▶ **WHAT YOU HAVE TO DO**: Please set down only the lines below starting with the line with "Happyyami Cuscino Bagno" and going on through the line with "Gobelets En Papier", verbatim and without pictures.

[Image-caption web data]
· · · · ·

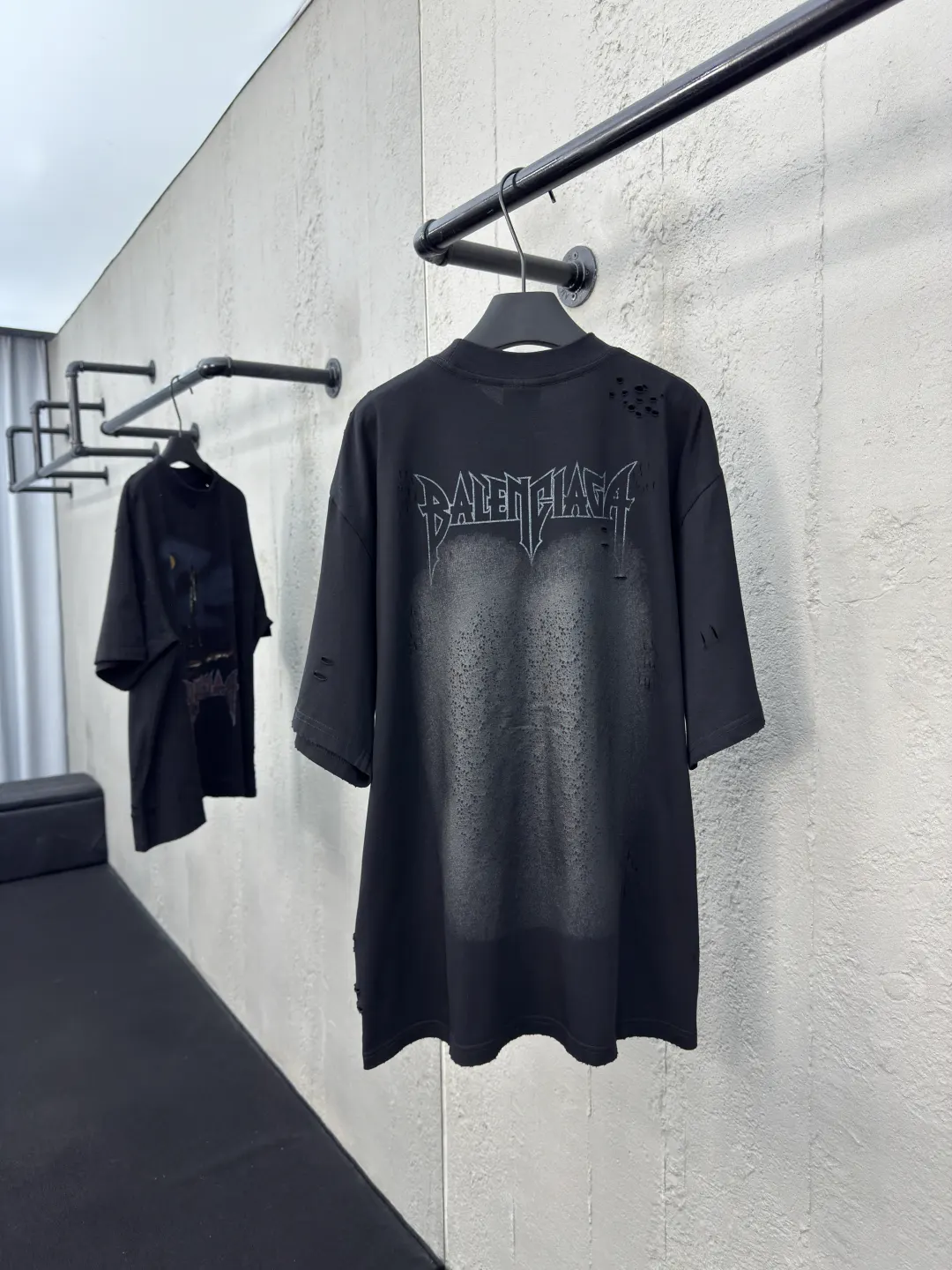 Balenciaga Black Logo Short Sleeve T-Shirt Street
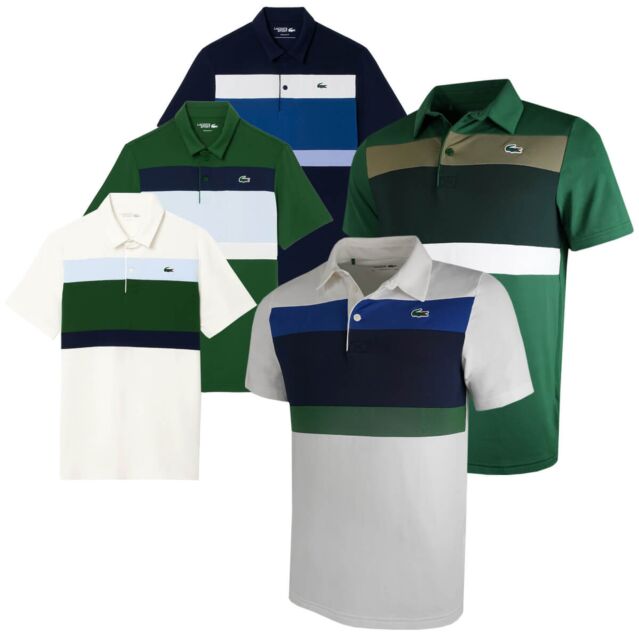 Lacoste Mens 2025 Colour-Block UV Protection Stretch Golf Polo Shirt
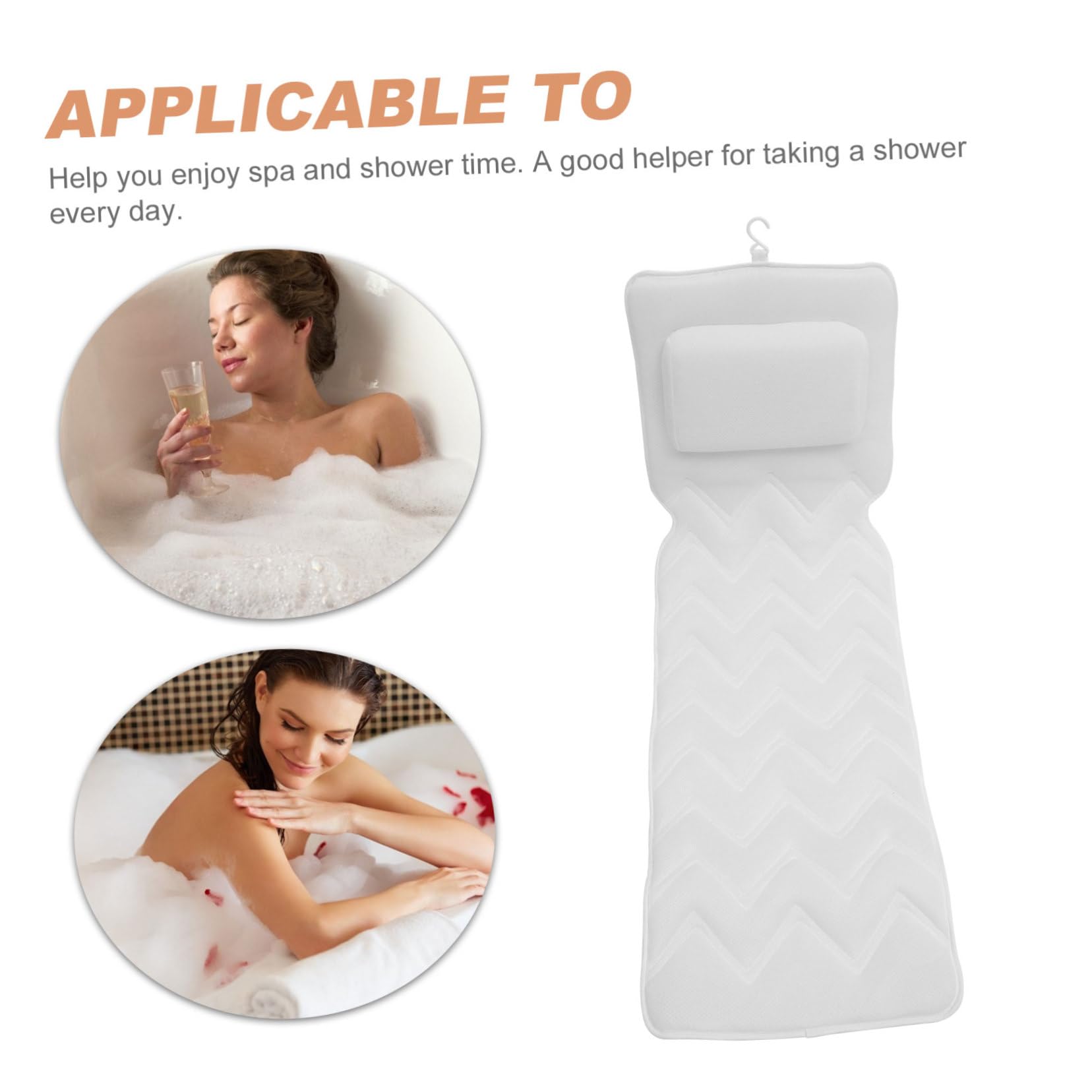 Happyyami Cuscino Bagno Antiscivolo con Ventose Cuscino per Relax Comfort per Vasche e Spa Materiale Traspirante Facile Installare Accessorio Bagno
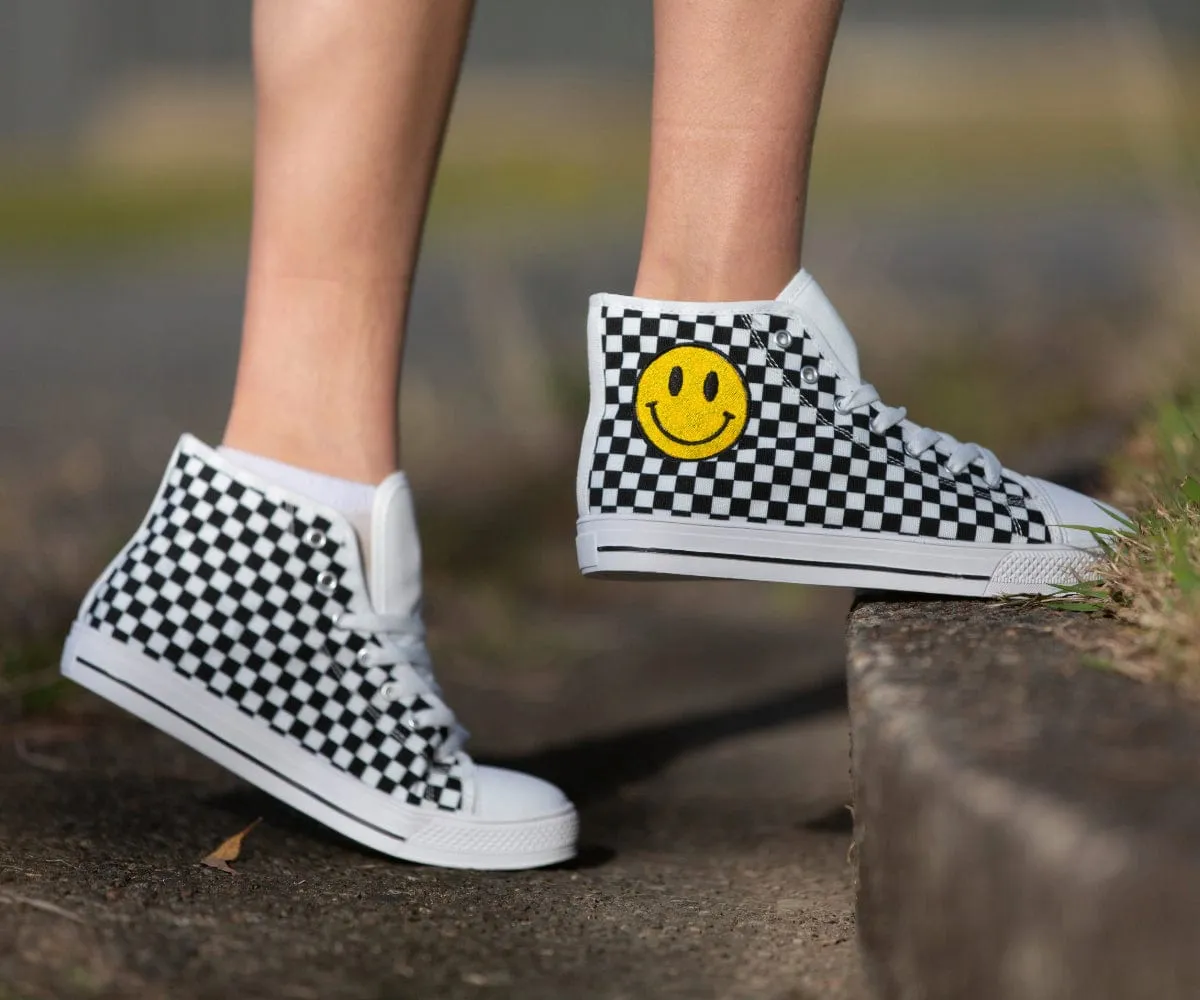 Checkers And Smiles Embroidered High Top Shoes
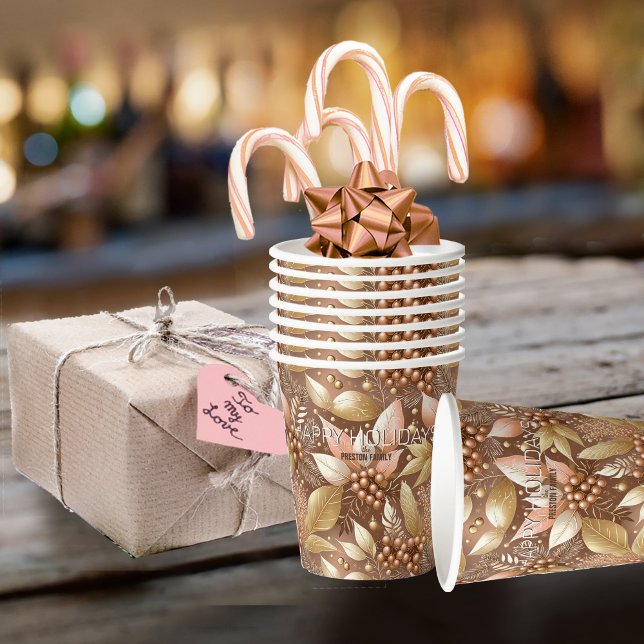 Gobelets En Papier Motif de Noël en or rose #8 ID1009 (Créateur téléchargé)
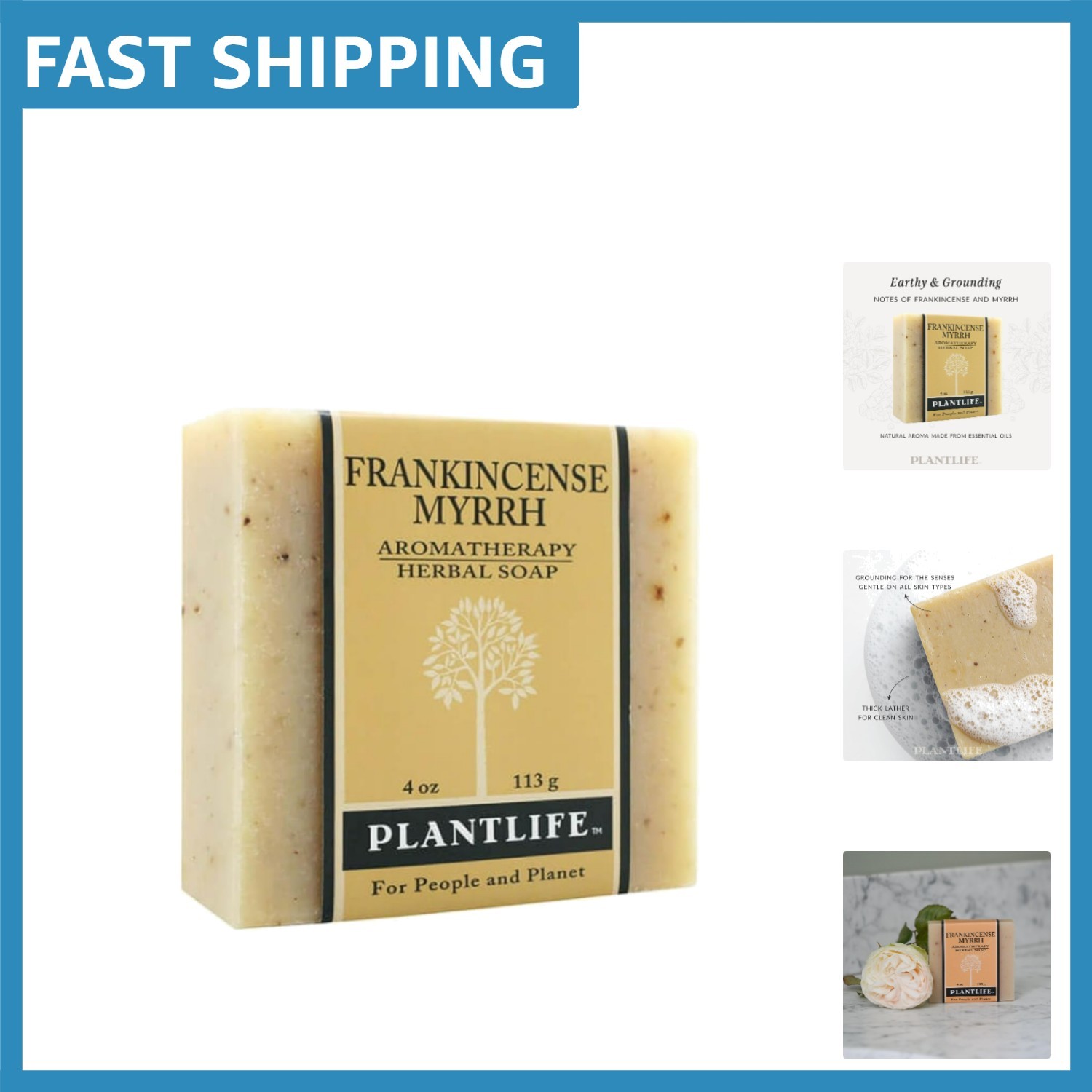 Organic Frankincense Myrrh Bar Soap – Cruelty-Free Moisturizing Cleanser 4oz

· · · · ·

▶ **RESULT OF THIS TASK**:
 Happyyami Cuscino Bagno Antiscivolo con Ventose Cuscino per Relax Comfort per Vasche e Spa Materiale Traspirante Facile Installare Accessorio Bagno
 Checkers And Smiles Embroidered High Top Shoes
 Gobelets En Papier Motif de Noël en or rose #8 ID1009 (Créateur téléchargé)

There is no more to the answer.